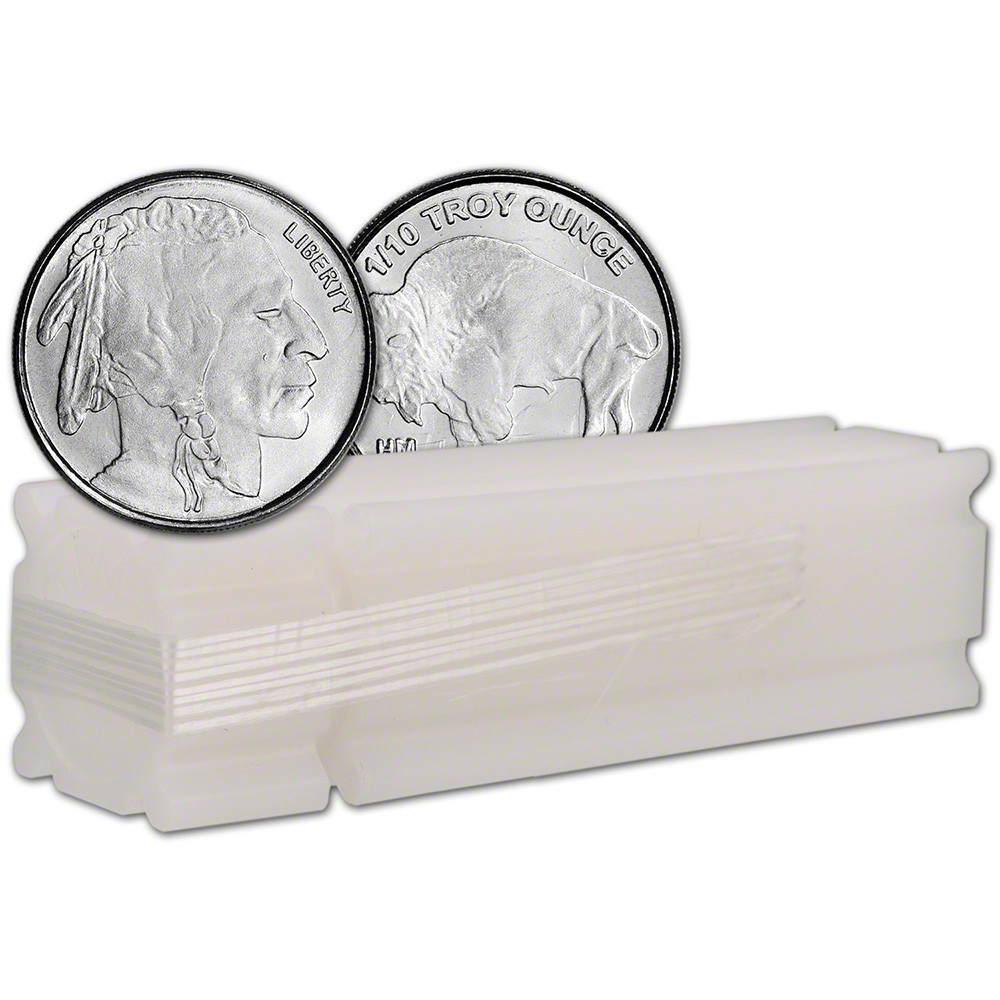 Picture of (Tube of 50) Golden State Mint Buffalo 1/10 oz Silver Rounds – 5 oz Total – Circulated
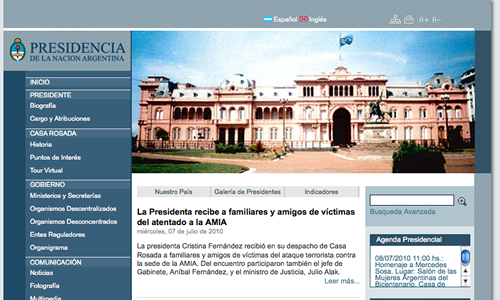 Argentinan President Uses Joomla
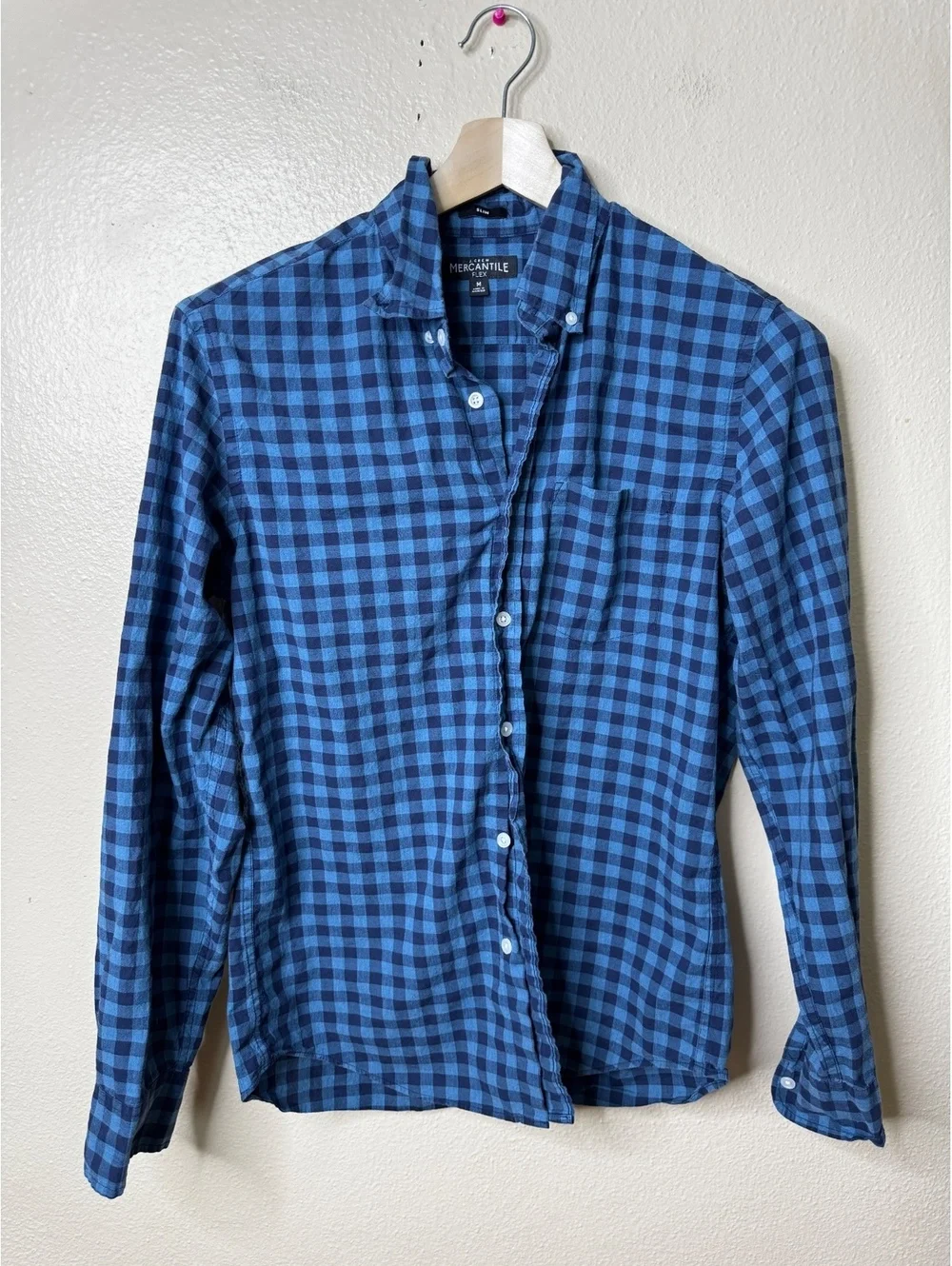 J.Crew Mercantile Flex Mens Medium Blue Gingham Check Button Down Shirt Slim Fit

◆ TASK DESCRIPTION
From the line that contains "Argentinan President Uses Joomla" to the last line of the data, print each line exactly, both ends included, and omit the pictures.

◆ SOLUTION
 Argentinan President Uses Joomla
 J.Crew Mercantile Flex Mens Medium Blue Gingham Check Button Down Shirt Slim Fit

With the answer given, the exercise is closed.